Dataset entries:
━━━━━━━━━━━━━━━━━━━━━━━━━━━━━━
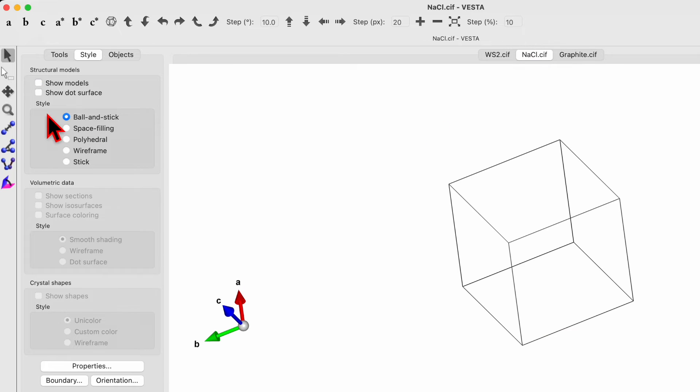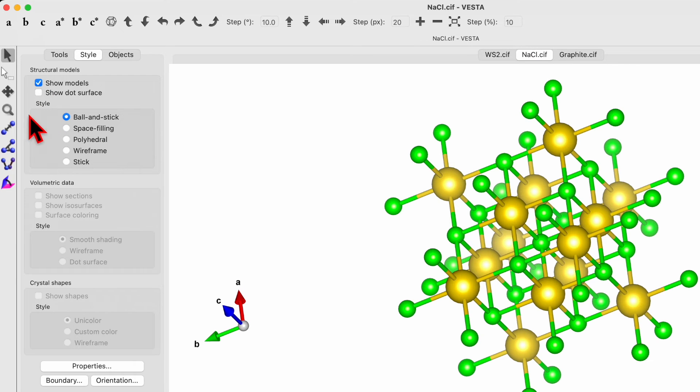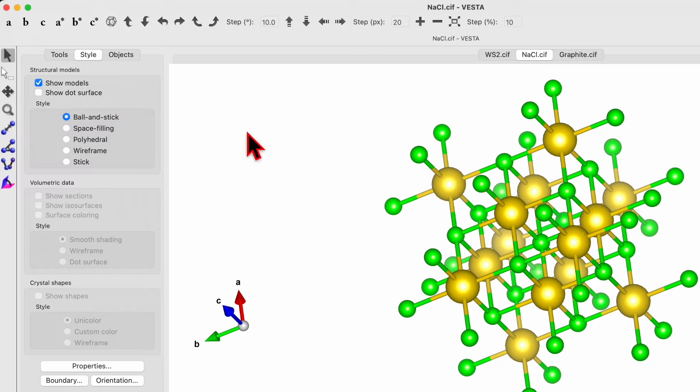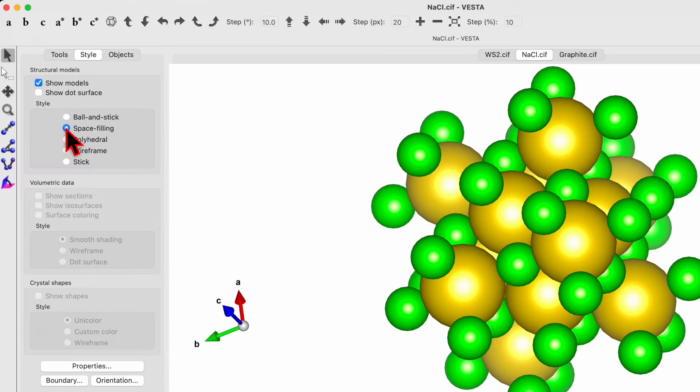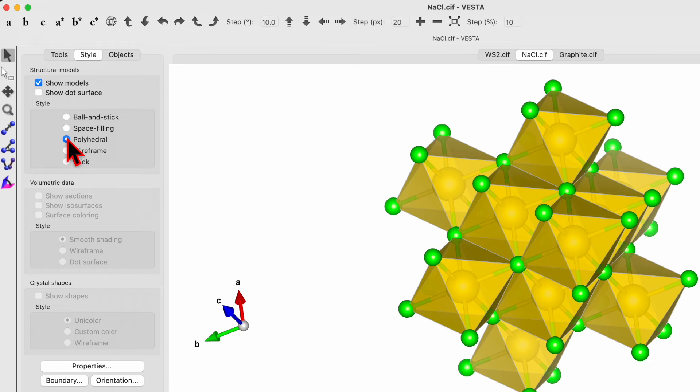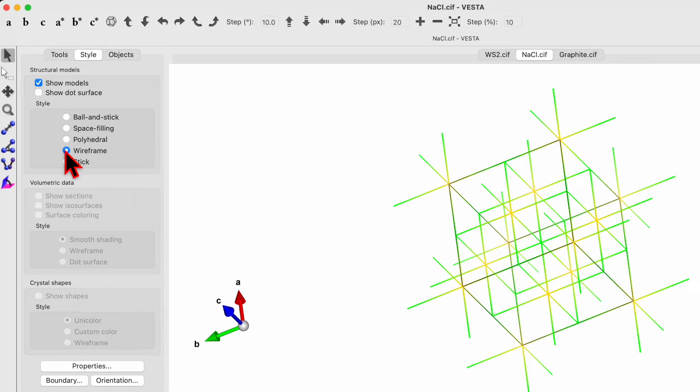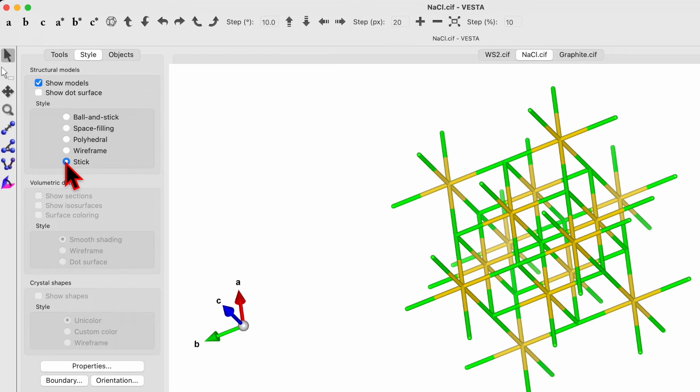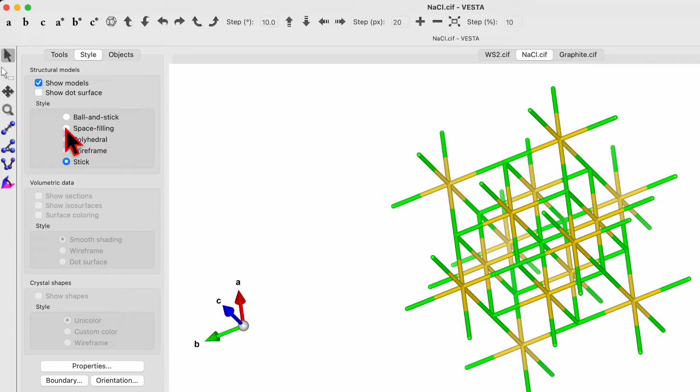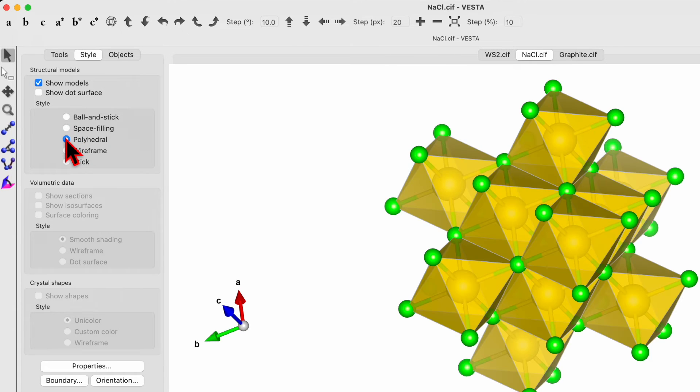So back to NaCl, show model. Now here you will see ball and stick. So right now we see the ball and the stick. If you choose the space filling, it will change like this one. If you check the polyhedra, it will look like this one. Wireframe look like this one. And the stick look like this one. So you can choose different formats to present your same unit cell.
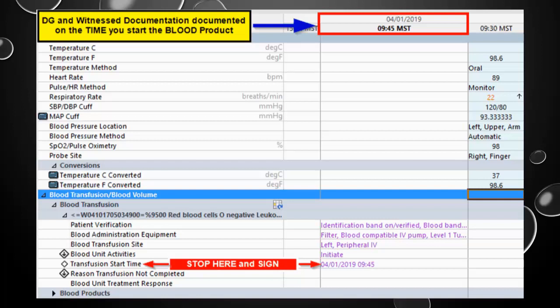Here's an example of the charting for the blood. You'll see the 930 — that's the pre-vital signs that we did. The 945 time column is where we created our dynamic group. We've had the secondary witness, and we're showing that this is our transfusion start time at 945. After documenting the transfusion start time, you don't want to document any further onto this particular column. You'll go to a new column when you're at your 15-minute vital signs.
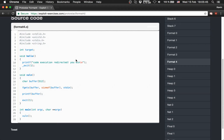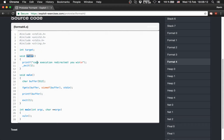They provide the source code again. The main function just calls the function vuln. Vuln creates a character buffer with 512 bytes, uses fgets to put the user input into the buffer, prints out the buffer, and uses exit to close the binary and kill the process. We also have another function called hello, which prints 'code execution redirected, you win'. And it uses exit again.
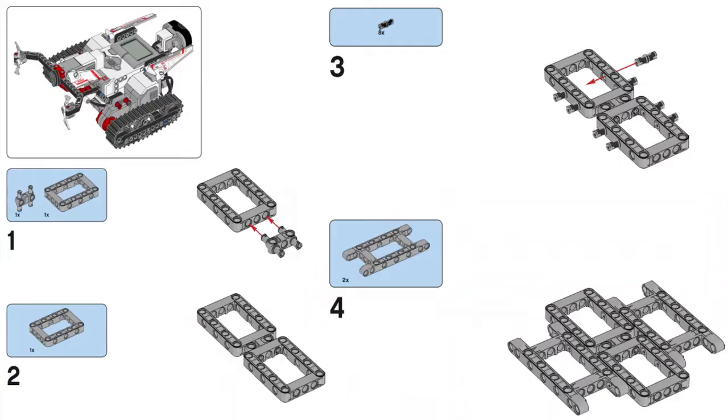But first we're going to look at the building process. There are lots of different steps to building a robot, so I thought we'd start the video by showing you sped up footage of me building the robot so you can see how it's done.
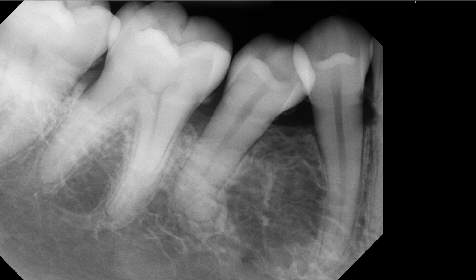You will notice that number 29 is mesially tipped, and the interdental or interradicular distance between the 28 and 29 is relatively wide, and you're seeing this radiolucent area. My question is: is there a space-occupying lesion in this area or is there not? Is there a lesion in this area or not? In order to answer that, you will have to evaluate the internal structures of this radiolucency.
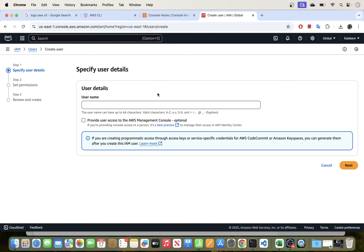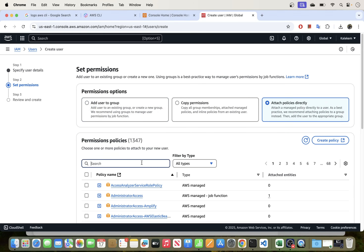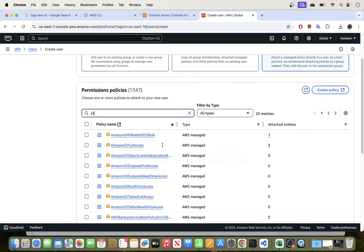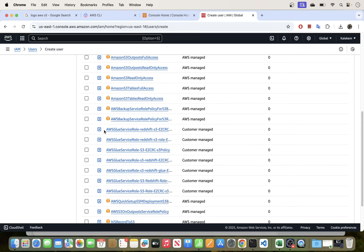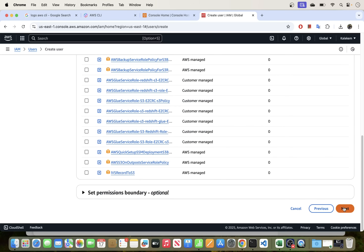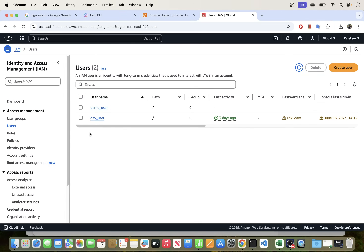Go to Users and click Create User. Enter a username — for example, 'demo-user'. You can choose whether this user needs console access. Click Next, then decide whether to add the user to a group or attach policies directly. For example, you can grant S3 access by selecting the relevant policy.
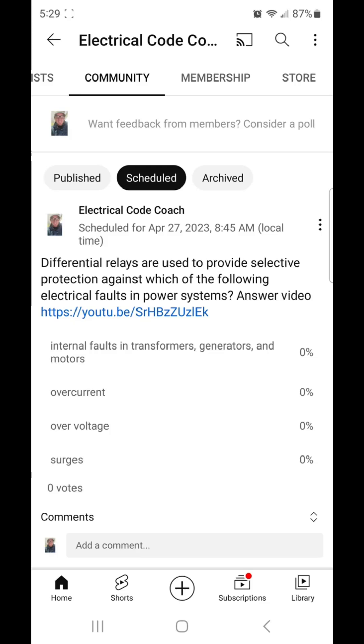To protect larger things like transformers, generators, and motors from phase-to-phase faults, also from issues with the windings of a motor and things like that, we are going to use a differential relay.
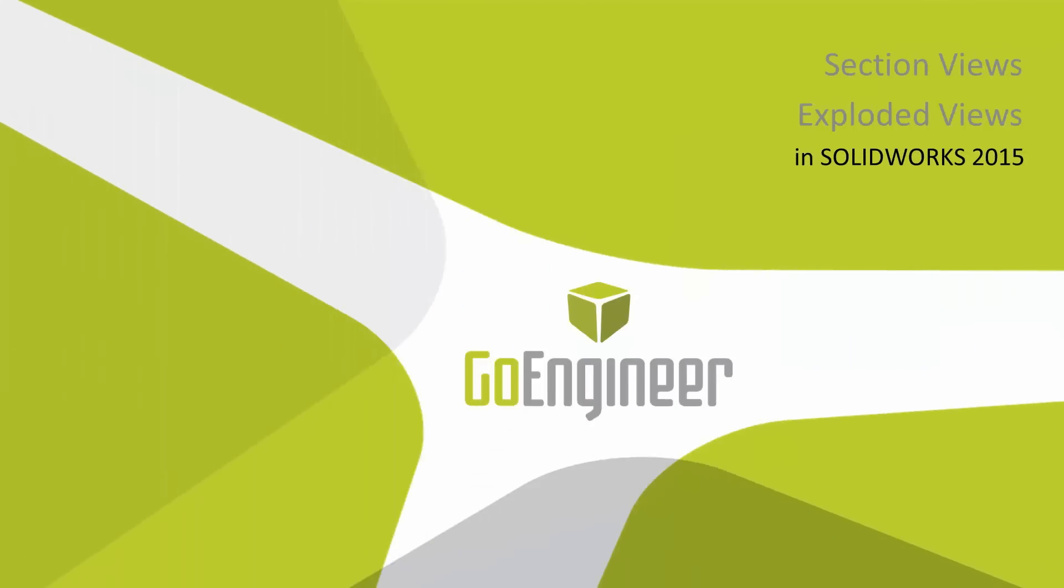Well, thank you for watching this what's new video for SOLIDWORKS 2015. That was for the new enhancements to section views and exploded views. This has been Bryce Hementhal. Have a great day.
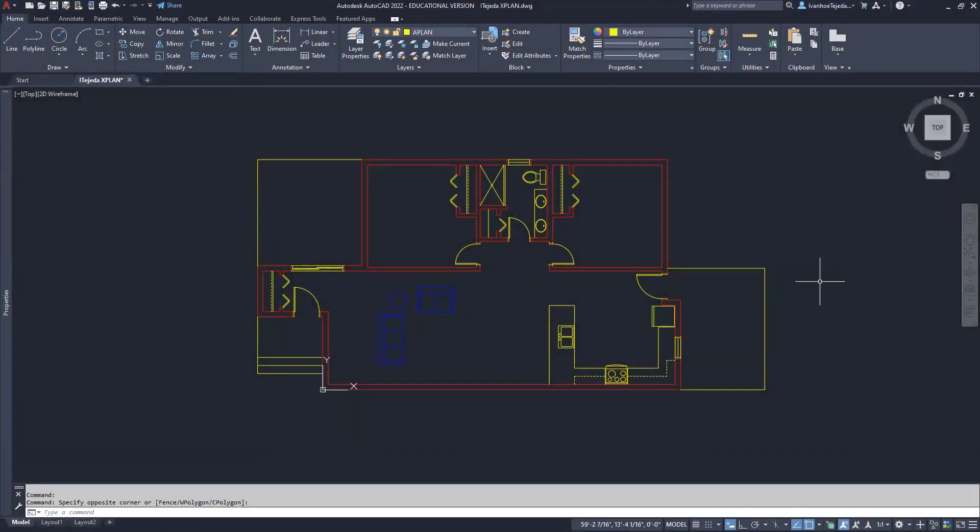So now that we have completed the floor plan, and when I say completed, I say up to the point of what you saw in the example. Don't forget, you still have to add windows and the steps on the deck. So it's time to print.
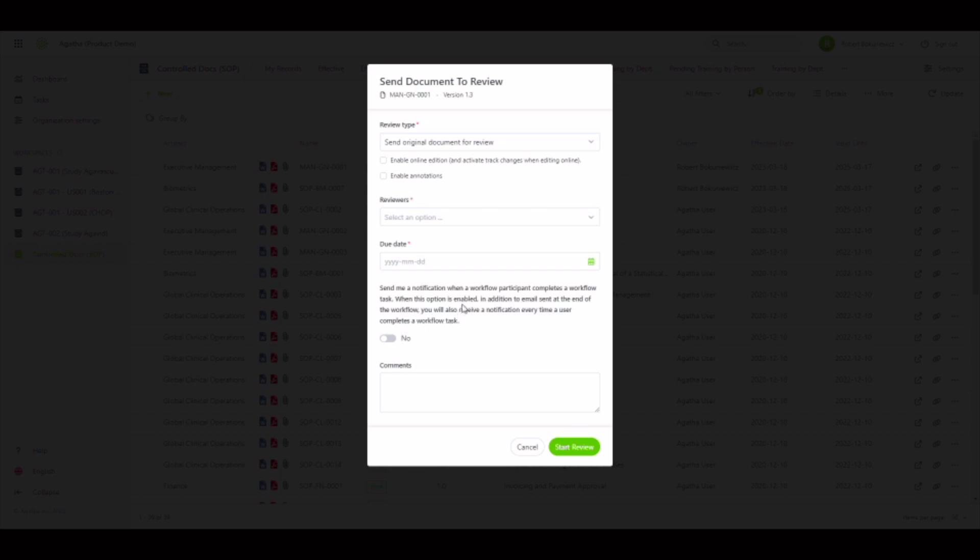This screen is easily configured and you see we are allowing the initiator to select whether standard review, annotations, or collaborative review are initiated. These options may be limited or pre-selected for the initiator.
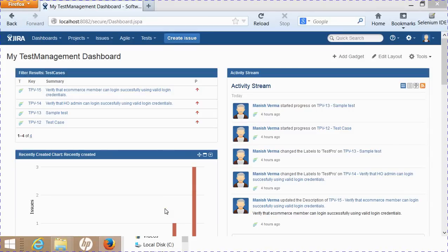Hello everyone, welcome to session 6 of module 2: creating test cycles in Jira. In this session we will learn how to create test cycles and add test cases to different test cycles.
━━━━━━━━━━━━━━━━━━━━━━━━━━━━━━
**THE PROBLEM:** Look above for the line containing "Go to Users", then retype it and each line after it to the end of the records, exactly and without pictures.

**RESULT OF THIS TASK:**
Go to Users and click Create User. Enter a username — for example, 'demo-user'. You can choose whether this user needs console access. Click Next, then decide whether to add the user to a group or attach policies directly. For example, you can grant S3 access by selecting the relevant policy.
To protect larger things like transformers, generators, and motors from phase-to-phase faults, also from issues with the windings of a motor and things like that, we are going to use a differential relay.
Well, thank you for watching this what's new video for SOLIDWORKS 2015. That was for the new enhancements to section views and exploded views. This has been Bryce Hementhal. Have a great day.
So now that we have completed the floor plan, and when I say completed, I say up to the point of what you saw in the example. Don't forget, you still have to add windows and the steps on the deck. So it's time to print.
This screen is easily configured and you see we are allowing the initiator to select whether standard review, annotations, or collaborative review are initiated. These options may be limited or pre-selected for the initiator.
Hello everyone, welcome to session 6 of module 2: creating test cycles in Jira. In this session we will learn how to create test cycles and add test cases to different test cycles.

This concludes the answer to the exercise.